> _Assignment_
Among the entries below, copy only the span from the line containing "Mayven OnlyFans-Bilder" through the line containing "Birdies || The". Do so exactly, and skip the pictures.

> _Exercise materials_

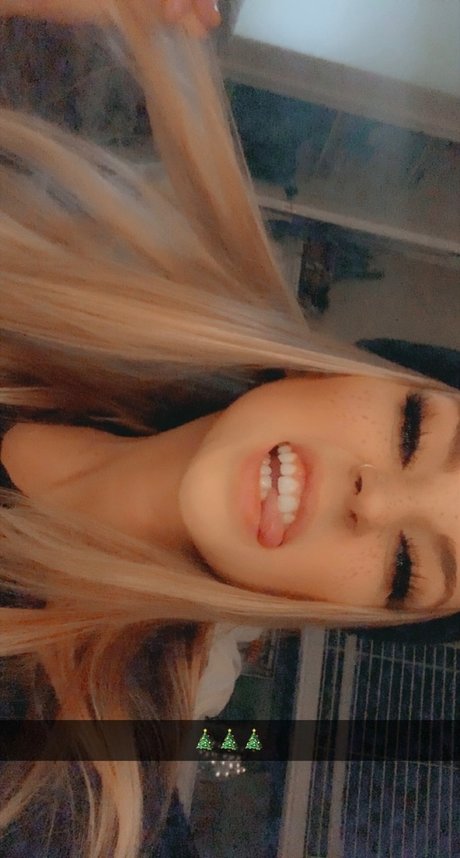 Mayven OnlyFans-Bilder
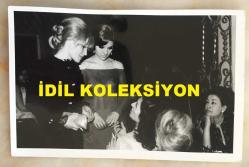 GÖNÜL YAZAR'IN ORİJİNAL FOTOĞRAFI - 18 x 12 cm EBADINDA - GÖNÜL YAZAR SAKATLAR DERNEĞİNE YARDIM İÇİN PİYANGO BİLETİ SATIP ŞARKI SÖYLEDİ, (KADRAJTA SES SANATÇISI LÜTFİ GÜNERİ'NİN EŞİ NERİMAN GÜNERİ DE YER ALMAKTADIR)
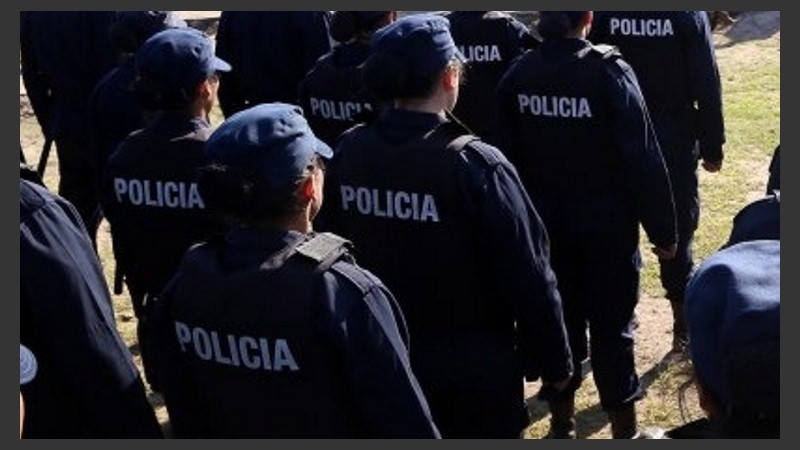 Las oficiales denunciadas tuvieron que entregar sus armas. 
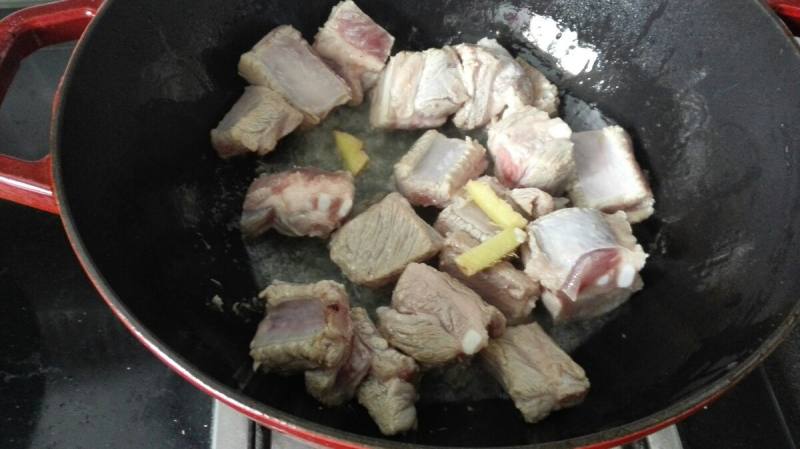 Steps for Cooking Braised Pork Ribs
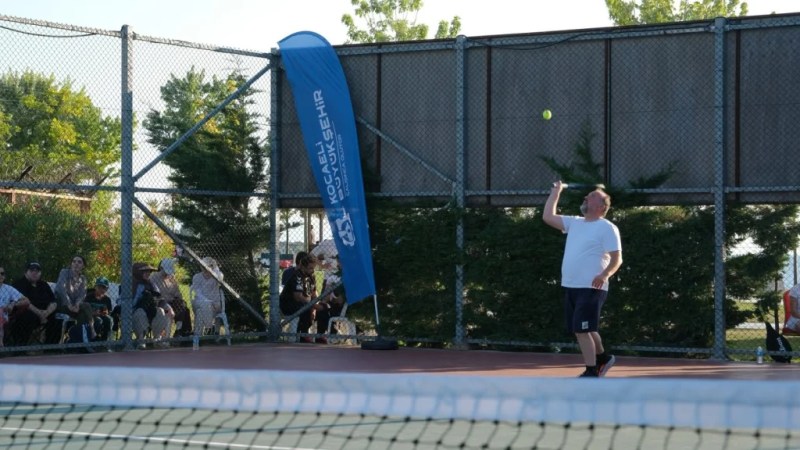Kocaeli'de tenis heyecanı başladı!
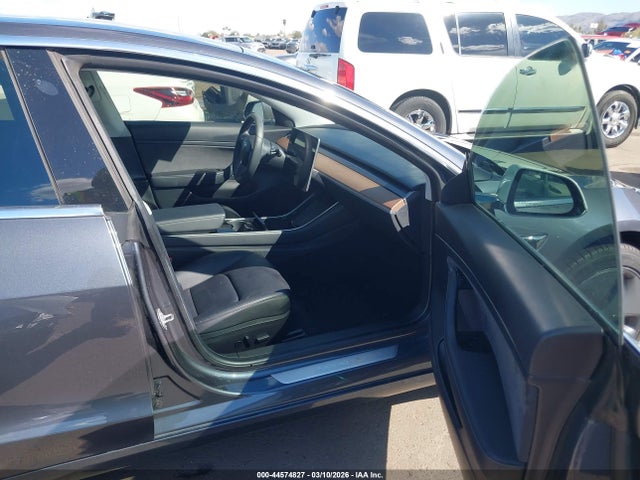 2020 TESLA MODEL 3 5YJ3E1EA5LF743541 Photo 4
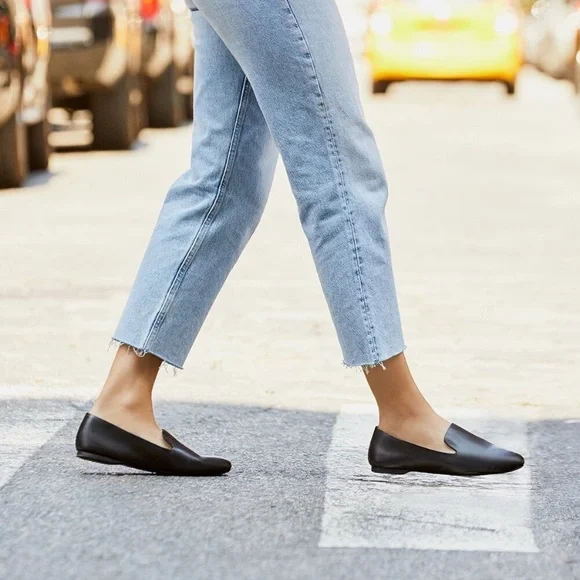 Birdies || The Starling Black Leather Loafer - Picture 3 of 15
...
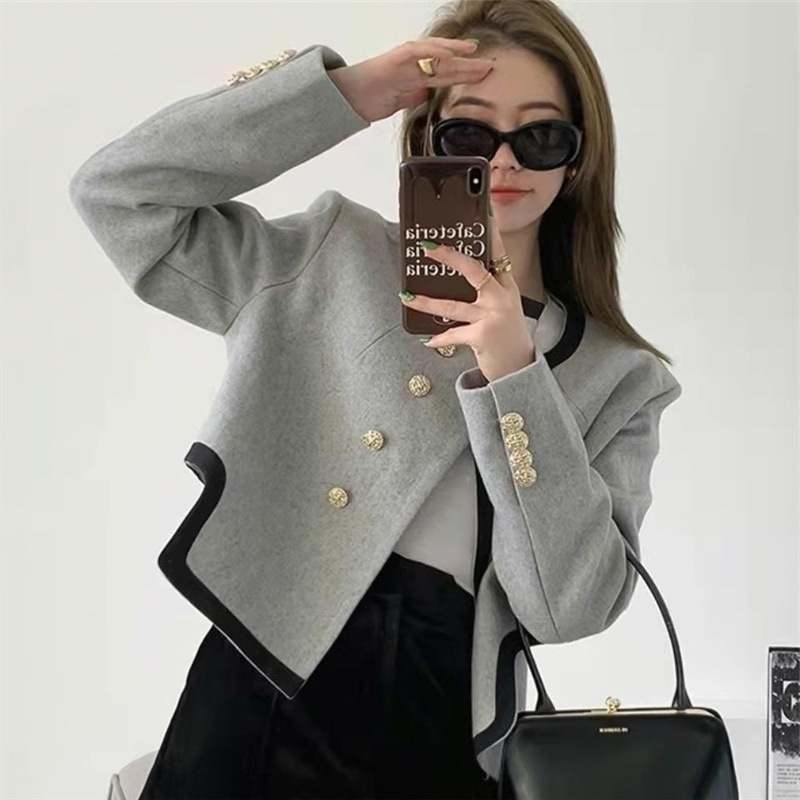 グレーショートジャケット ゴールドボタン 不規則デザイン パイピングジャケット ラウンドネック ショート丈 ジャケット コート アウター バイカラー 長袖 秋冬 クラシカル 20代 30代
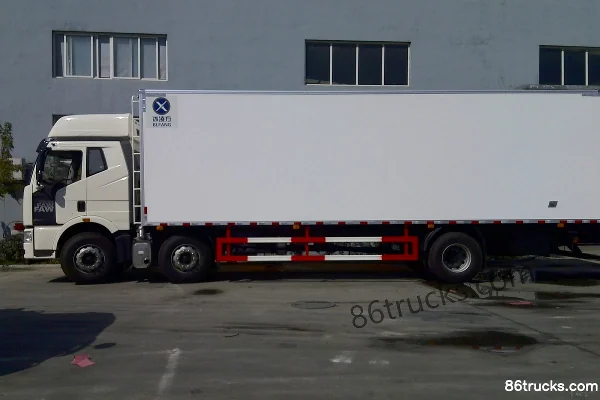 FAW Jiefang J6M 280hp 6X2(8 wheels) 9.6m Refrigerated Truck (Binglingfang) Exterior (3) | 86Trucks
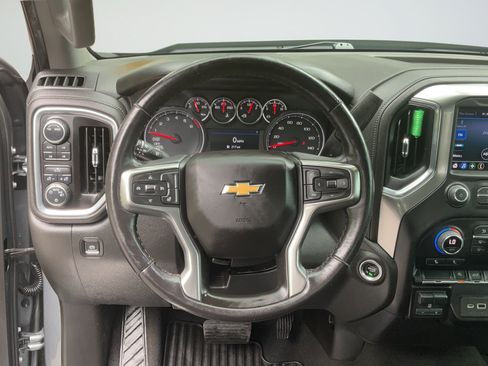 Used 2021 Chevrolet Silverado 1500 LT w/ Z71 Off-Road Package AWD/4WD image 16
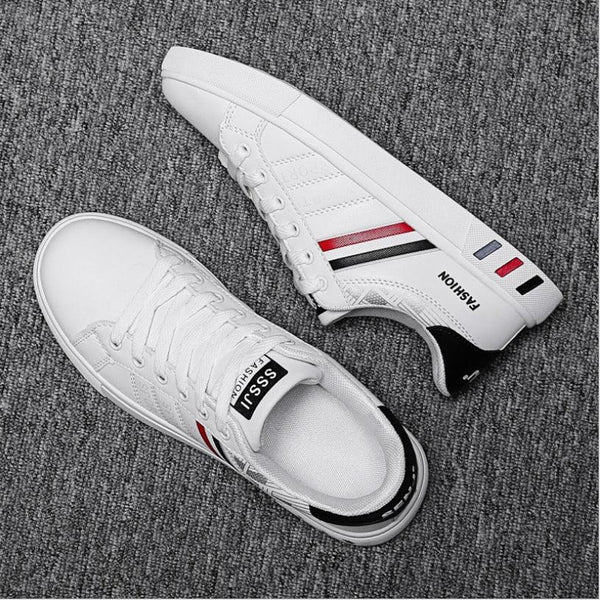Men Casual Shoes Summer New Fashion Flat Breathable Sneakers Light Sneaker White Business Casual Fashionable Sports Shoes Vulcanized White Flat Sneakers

> _Response to the task_
 Mayven OnlyFans-Bilder
 GÖNÜL YAZAR'IN ORİJİNAL FOTOĞRAFI - 18 x 12 cm EBADINDA - GÖNÜL YAZAR SAKATLAR DERNEĞİNE YARDIM İÇİN PİYANGO BİLETİ SATIP ŞARKI SÖYLEDİ, (KADRAJTA SES SANATÇISI LÜTFİ GÜNERİ'NİN EŞİ NERİMAN GÜNERİ DE YER ALMAKTADIR)
 Las oficiales denunciadas tuvieron que entregar sus armas. 
 Steps for Cooking Braised Pork Ribs
Kocaeli'de tenis heyecanı başladı!
 2020 TESLA MODEL 3 5YJ3E1EA5LF743541 Photo 4
 Birdies || The Starling Black Leather Loafer - Picture 3 of 15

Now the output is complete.